Kritik
arsitektur bangunan pra-kolonial yaitu arsitektur Budha dan arsitektur Islam,
untuk arsitektur Buddha bangunan Candi Borobudur dan untuk
arsitektur Islam bangunan Masjid Agung Yogyakarta. Kritik ini menggunakan
kritik deskriptif yaitu mengkritisi suatu karya arsitektur dengan cara
mendeskripsikan berdasarkan kenyataan atau fakta. Dan menggunakan metode
kontekstual merupakan metode yang membahas dengan teliti untuk lebih mengerti
suatu karya arsitektur tersebut.
Arsitektur Budha (Candi
Borobudur)
Borobudur adalah sebuah candi Buddha yang terletak di Borobudur, Magelang, Jawa Tengah, Indonesia. Lokasi candi adalah kurang lebih 100 km di sebelah barat daya Semarang, 86 km di sebelah barat Surakarta, dan 40 km di sebelah barat laut Yogyakarta. Candi berbentuk stupa ini didirikan oleh para penganut agama Buddha Mahayana sekitar tahun 800-an Masehi pada masa pemerintahan wangsa Syailendra. Borobudur adalah candi atau kuil Buddha terbesar di dunia sekaligus salah satu monumen Buddha terbesar di dunia.

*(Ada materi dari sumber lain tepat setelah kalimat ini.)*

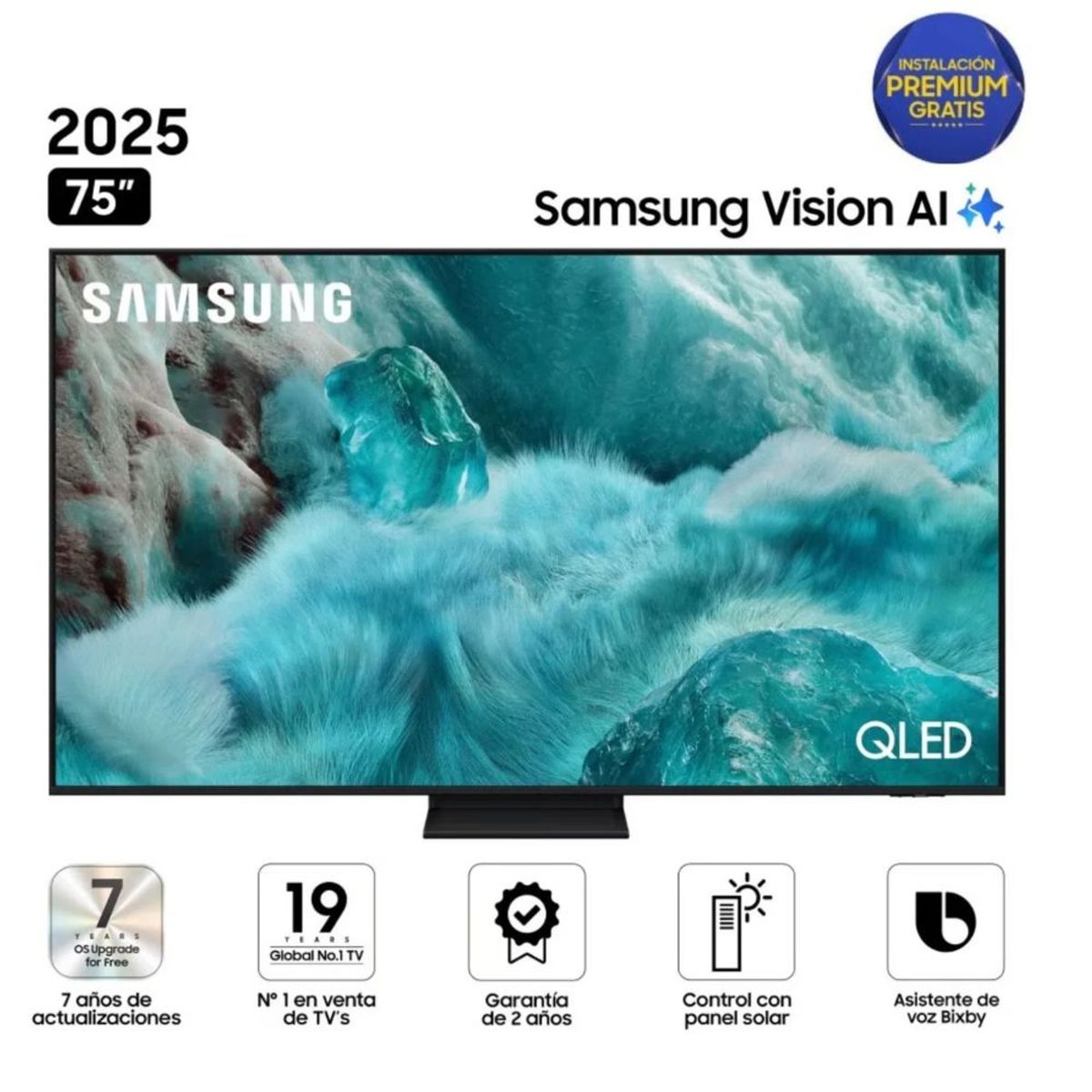 SAMSUNG - TELEVISOR SAMSUNG QLED 75" UHD 4K  Vision AI Smart TV QN75Q7F5AGXPE (2025)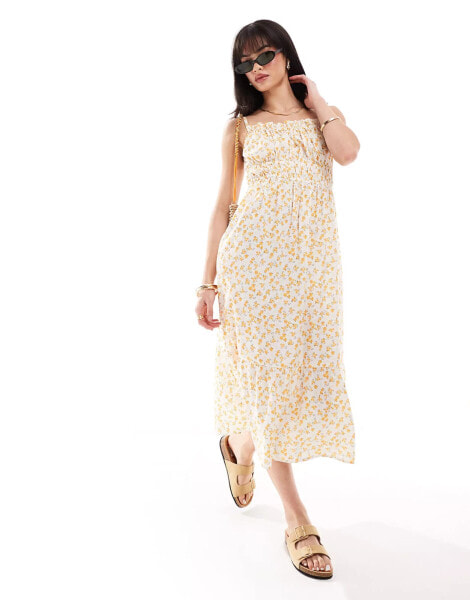 Wednesday's Girl ditsy floral cami smock midaxi dress in yellow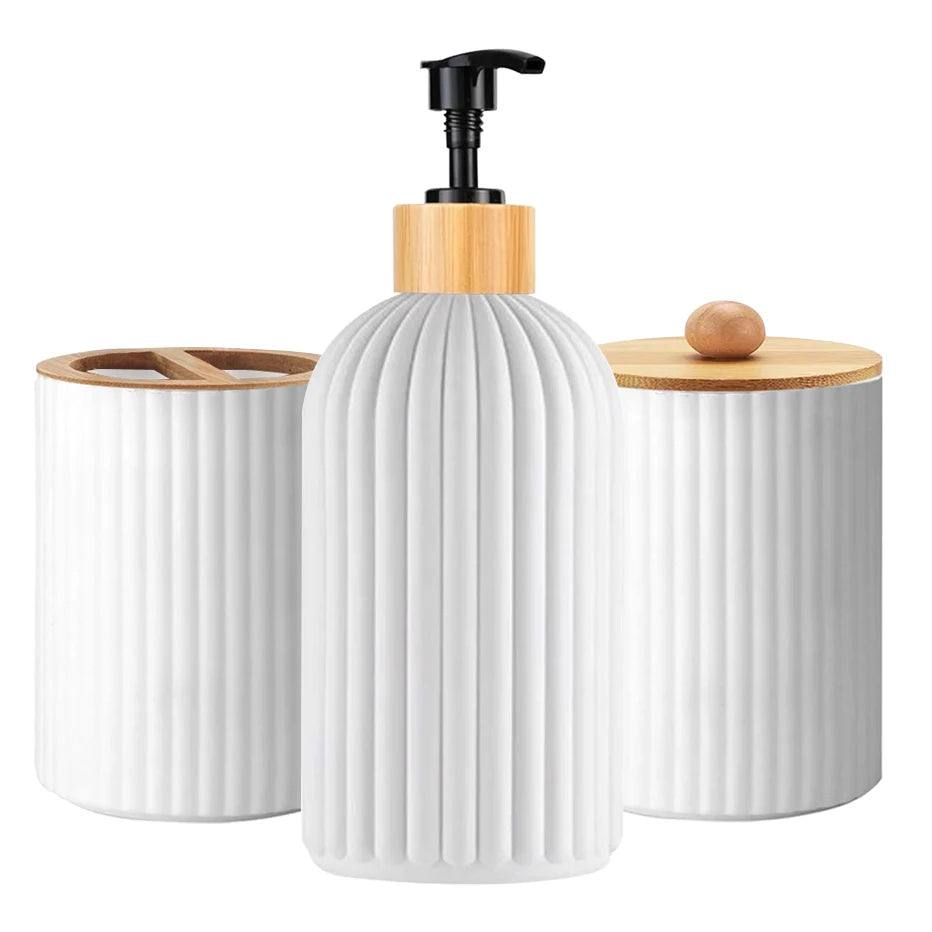 Bathroom Countertop Organizer Set – Soap Dispenser, Cotton Ball Storage & Toothbrush Holder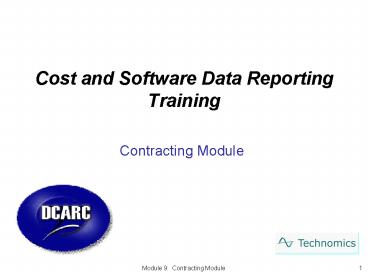 Cost and Software Data Reporting Training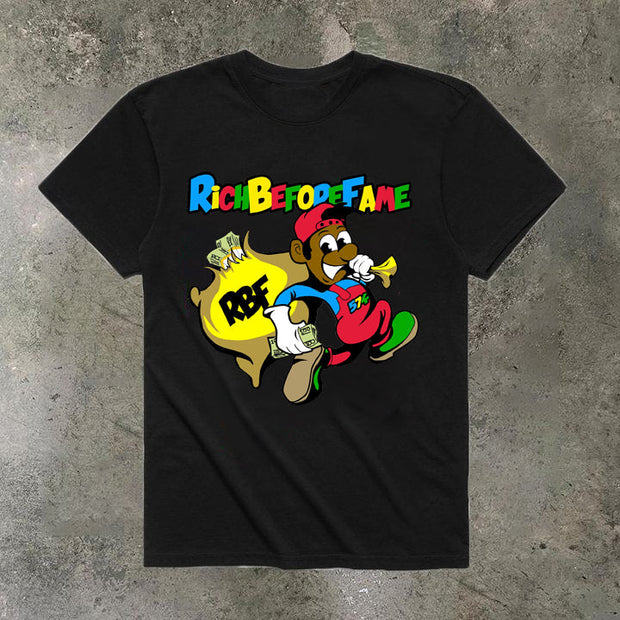 Rich Before Fame Print Short Sleeve T-Shirt
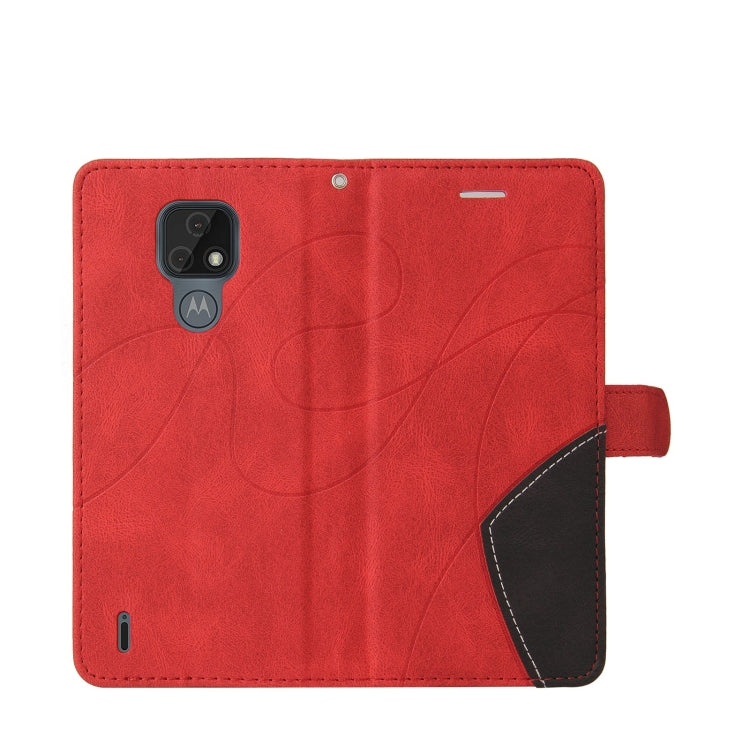 For Motorola Moto E7 Dual-color Splicing Horizontal Flip PU Leather Case with Holder & Card Slots & Wallet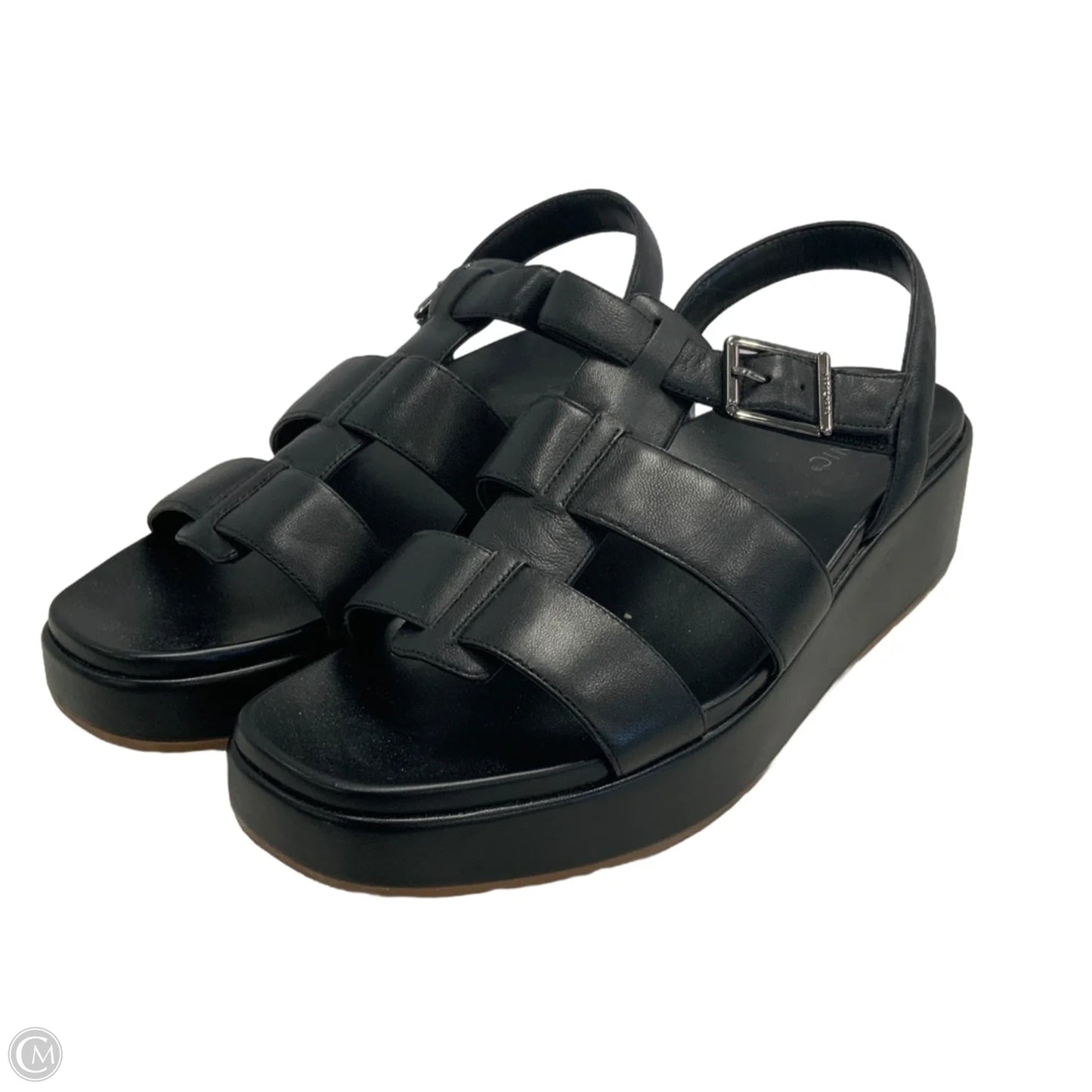 Sandals Heels Wedge By Vionic In Black, Size: 12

(Gambar Perspektif Candi Borobudur)
Monumen ini terdiri atas enam teras berbentuk bujur sangkar yang diatasnya terdapat tiga pelataran melingkar, pada dindingnya dihiasi dengan 2.672 panel relief dan aslinya terdapat 504 arca Buddha. Borobudur memiliki koleksi relief Buddha terlengkap dan terbanyak di dunia. Stupa utama terbesar teletak di tengah sekaligus memahkotai bangunan ini, dikelilingi oleh tiga barisan melingkar 72 stupa berlubang yang di dalamnya terdapat arca buddha tengah duduk bersila dalam posisi teratai sempurna dengan mudra (sikap tangan) Dharmachakra mudra (memutar roda dharma).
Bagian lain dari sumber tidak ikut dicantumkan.